In [1]:
from pathlib import Path
import nflreadpy as nfl

DATA_DIR = Path("../data/raw")
DATA_DIR.mkdir(parents=True, exist_ok=True)

seasons = list(range(2012, 2025))

In [2]:
from nflreadpy.config import update_config

update_config(
    cache_mode="filesystem",
    cache_dir=Path("../.nflreadpy_cache"),
    cache_duration=86400,
    verbose=True,
)

In [3]:
pbp = nfl.load_pbp(seasons)
schedules = nfl.load_schedules(seasons)
injuries = nfl.load_injuries(seasons)
snap_counts = nfl.load_snap_counts(seasons)
players = nfl.load_players()

In [4]:
pbp.write_parquet(DATA_DIR / "pbp.parquet")
schedules.write_parquet(DATA_DIR / "schedules.parquet")
injuries.write_parquet(DATA_DIR / "injuries.parquet")
snap_counts.write_parquet(DATA_DIR / "snap_counts.parquet")
players.write_parquet(DATA_DIR / "players.parquet")

In [5]:
files = [
    "pbp.parquet",
    "schedules.parquet",
    "injuries.parquet",
    "snap_counts.parquet",
    "players.parquet",
]

for f in files:
    p = DATA_DIR / f
    print(f, p.exists(), p.stat().st_size if p.exists() else None)
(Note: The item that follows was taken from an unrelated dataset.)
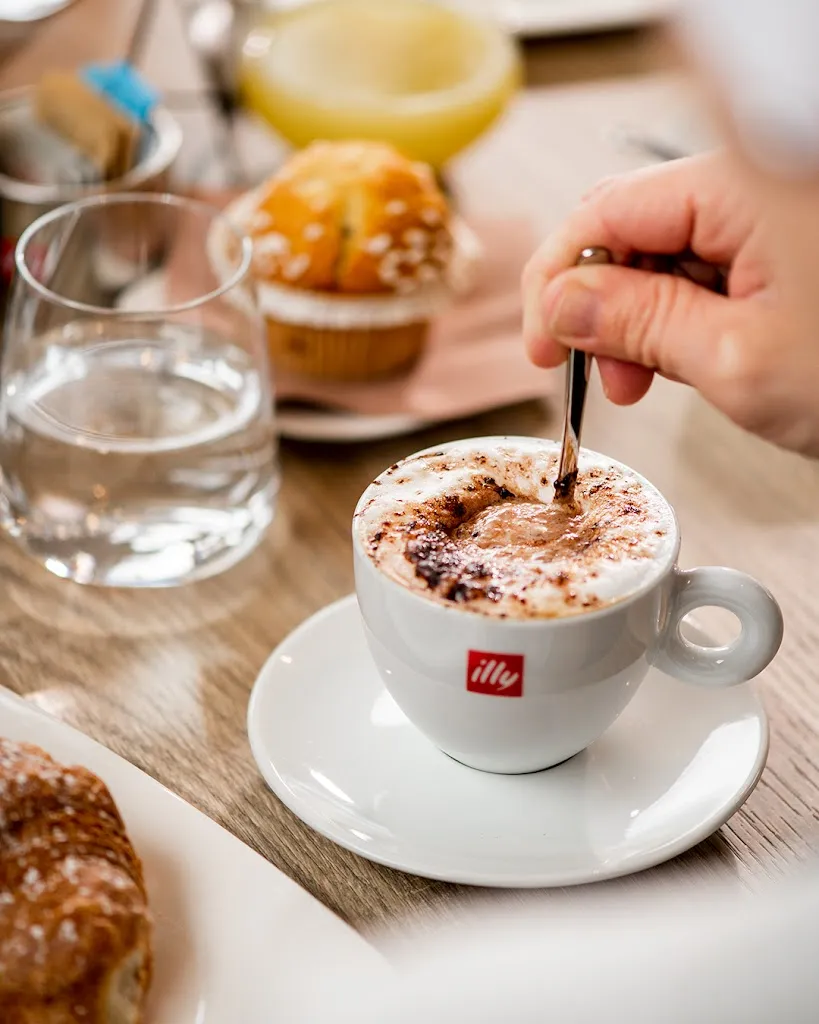 La pizzidderia di Monna Lisa_Montesano sulla Marcellana_slider_image_3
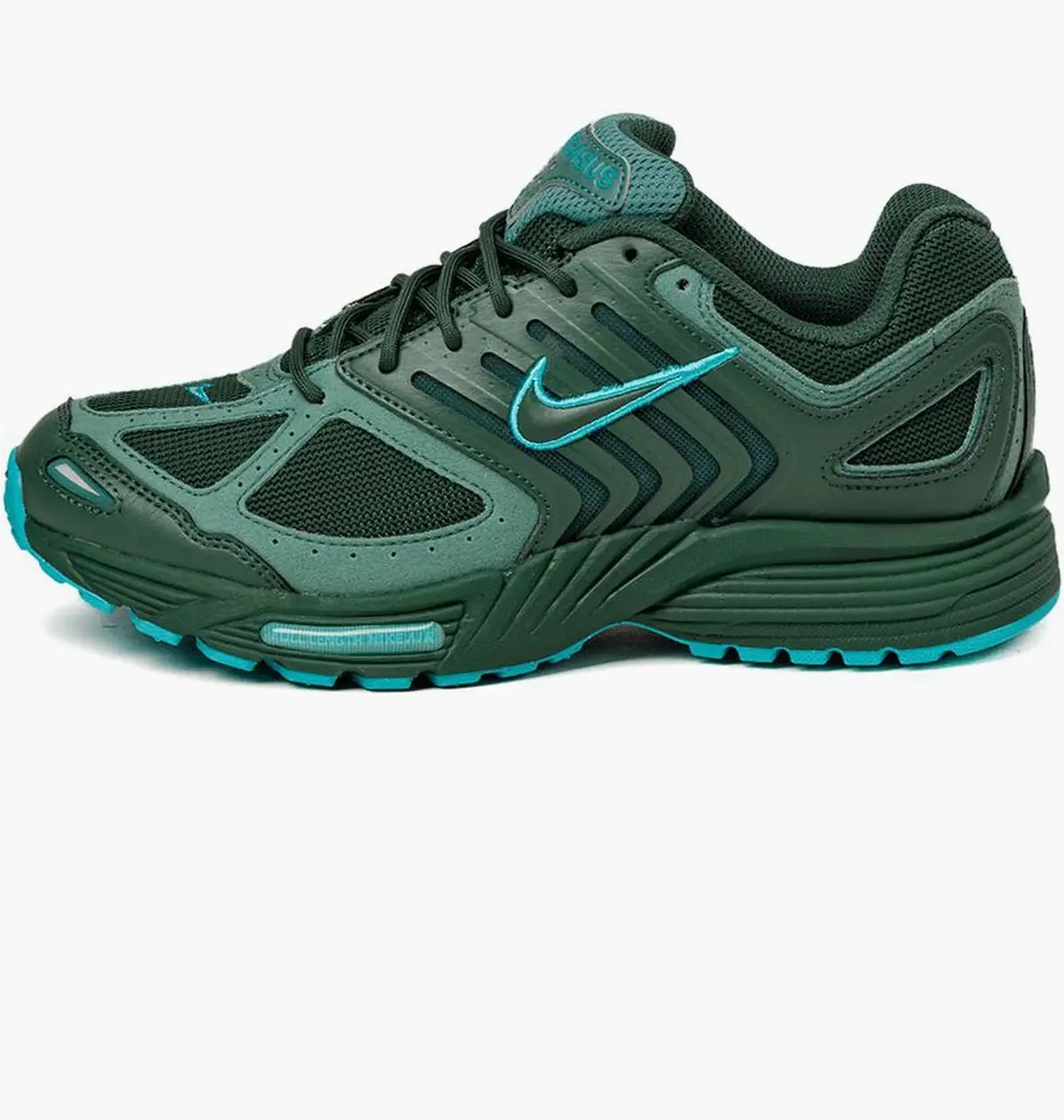 Кросівки унісекс Nike Air Pegasus 2005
pbp.parquet True 168426769
schedules.parquet True 180361
injuries.parquet True 982163
snap_counts.parquet True 2569972
players.parquet True 2100727


In [6]:
print("pbp", pbp.shape)
print("schedules", schedules.shape)
print("injuries", injuries.shape)
print("snap_counts", snap_counts.shape)
print("players", players.shape)

pbp (627226, 372)
schedules (3544, 46)
injuries (70401, 16)
snap_counts (297999, 16)
players (24350, 39)